PROVIDED MATERIAL:
-- Opening Marker --

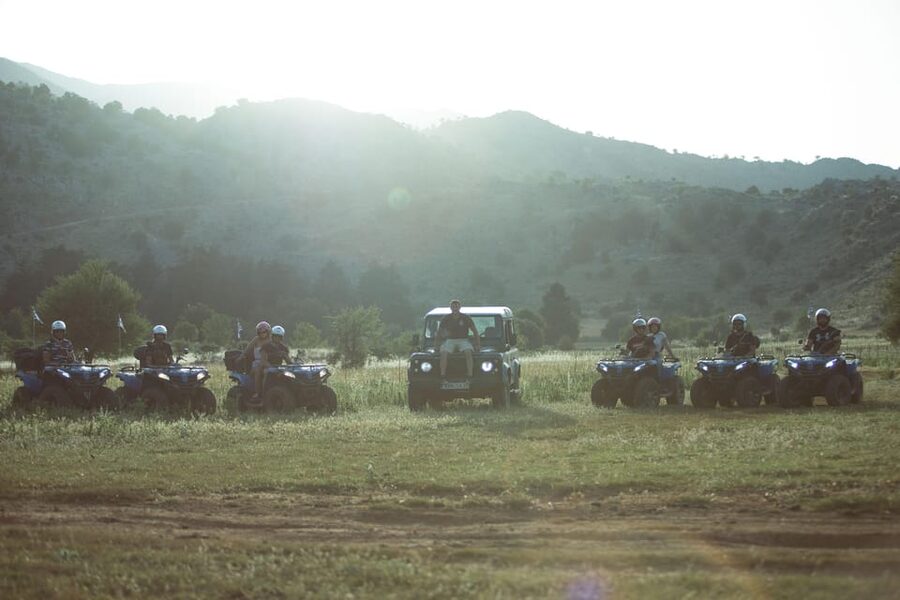 Georgioupolis Quad ATV Safari - Village stops add a useful Cretan connection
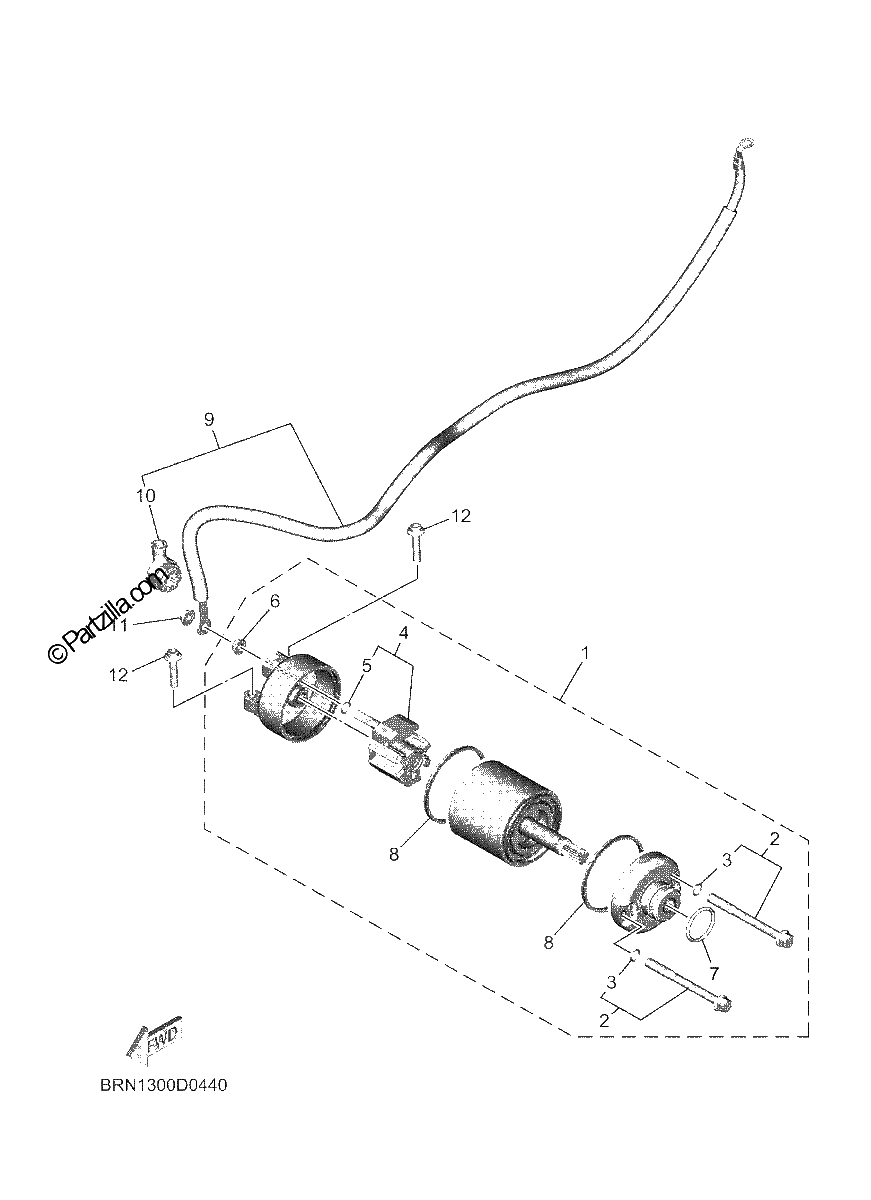 Diagrama de STARTING MOTOR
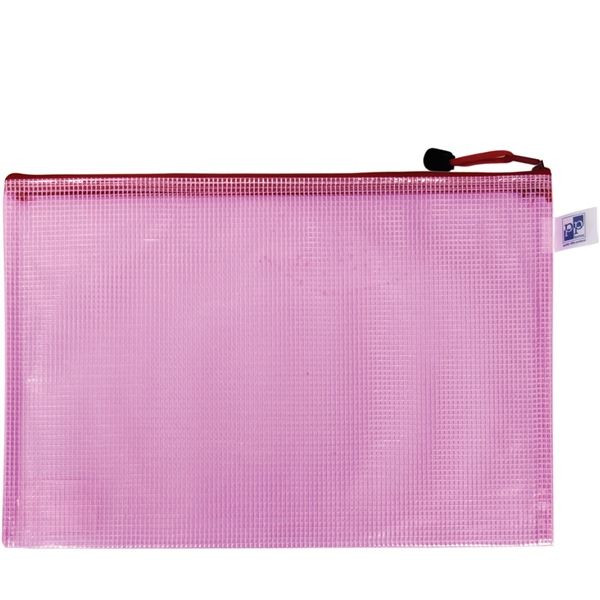 Síťov.zipová obálka Opaline A4,300 mic,1ks,růžová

-- Closing Marker --

Retype the listing exactly. Leave the pictures out.

 Georgioupolis Quad ATV Safari - Village stops add a useful Cretan connection
 Diagrama de STARTING MOTOR
 Síťov.zipová obálka Opaline A4,300 mic,1ks,růžová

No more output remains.